Amphotericin B binds to sterols in cell membranes, thereby creating pores that compromise membrane integrity and increase membrane permeability. It binds not only to ergosterol in fungal cell walls but also to cholesterol in human cell membranes; this is what accounts for its nephrotoxicity.

An article on the website of the prestigious scientific journal, Nature, describes gentamicin:

A recent study has shown that even one dose of this agent can lead to acute kidney injury.
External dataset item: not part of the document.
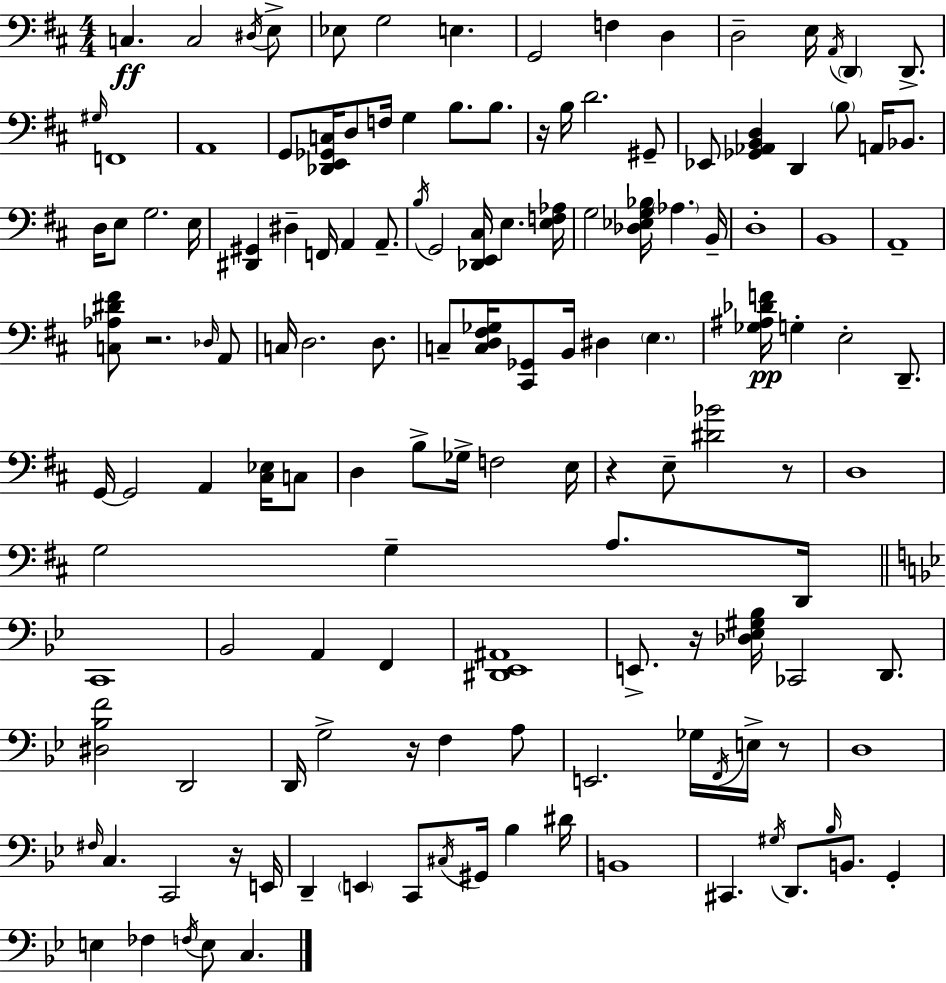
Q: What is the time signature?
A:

Nephrotoxicity induced by gentamicin represents a complex phenomenon which is characterized by ...severe proximal renal tubular necrosis.
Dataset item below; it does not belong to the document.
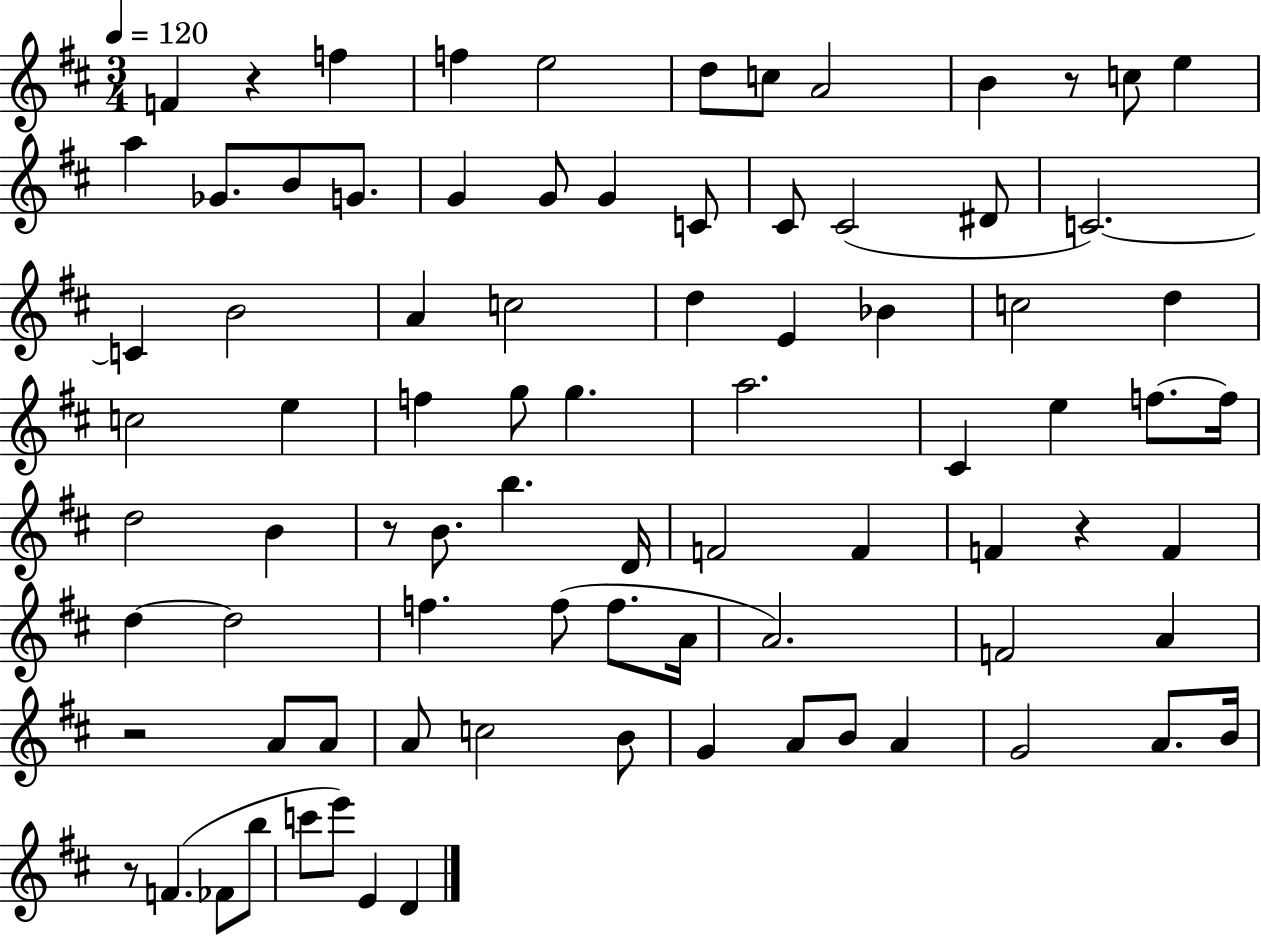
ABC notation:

The website of the National Institutes of Health, National Library of Medicine website in America says of gentamicin nephrotoxicity:

Gentamicin (GM) is causing tubular damage through: 1) necrosis of tubular epithelial cells, predominantly in proximal segment and 2) alteration of function of main cellular components involved in transport of water and solutes. The central aspect of GM nephrotoxicity is tubular cytotoxicity.

There are other antibiotics and antifungal drugs which could be used which are not nephrotoxic and other methods which don’t involve the use of drugs at all to remove bacteria from the culture but this is never done. The combination of starvation and poisoning of the tissue causes a cytopathic effect, meaning the monkey kidney tissue breaks down, which is the proof of viral existence and disease causation. More than that, this is the only proof virologists ever have for viral existence and disease causation. Everything else which follows is based on the viral culture, either through assumption that a virus has been proven in the culture or using the culture directly. Rigorous documented control experiments are never performed to establish that a virus caused the cytopathic effects and not the starvation and poisoning, in other words, the technique of the experiment itself. Again, anyone who disputes this claim, I would challenge them to find a paper proving this claim wrong. This process is fraudulently known as virus isolation when isolation means separation from anything else. This process involves mixing the ‘virus’ assumed to be present in the body fluid sample inoculated onto the tissue in the culture with everything else. When tissue breaks down, particles known as extracellular vesicles or microvesicular bodies are released. Tissue itself also breaks down into these vesicles which are erroneously labelled viruses. Without first purifying the virus, there is no way to conclude it was responsible for the cytopathic effect or that the particles seen in the culture are the virus but it can be concluded that the particles are extracellular vesicles which are naturally present in the body and are responses to damaged tissue. These particles are known to be latent in primate cells.

Summary

We can see that these two methods are very different and neither have been employed in the history of virology to present day to genuinely prove the existence of a pathogenic virus. Virology is far from an exact science. Virologic study would benefit greatly from a revision of its methods, a crucial step necessary in the field given the societal, governmental, economic and personal implications of relying on its methods and conclusions, never more so than now.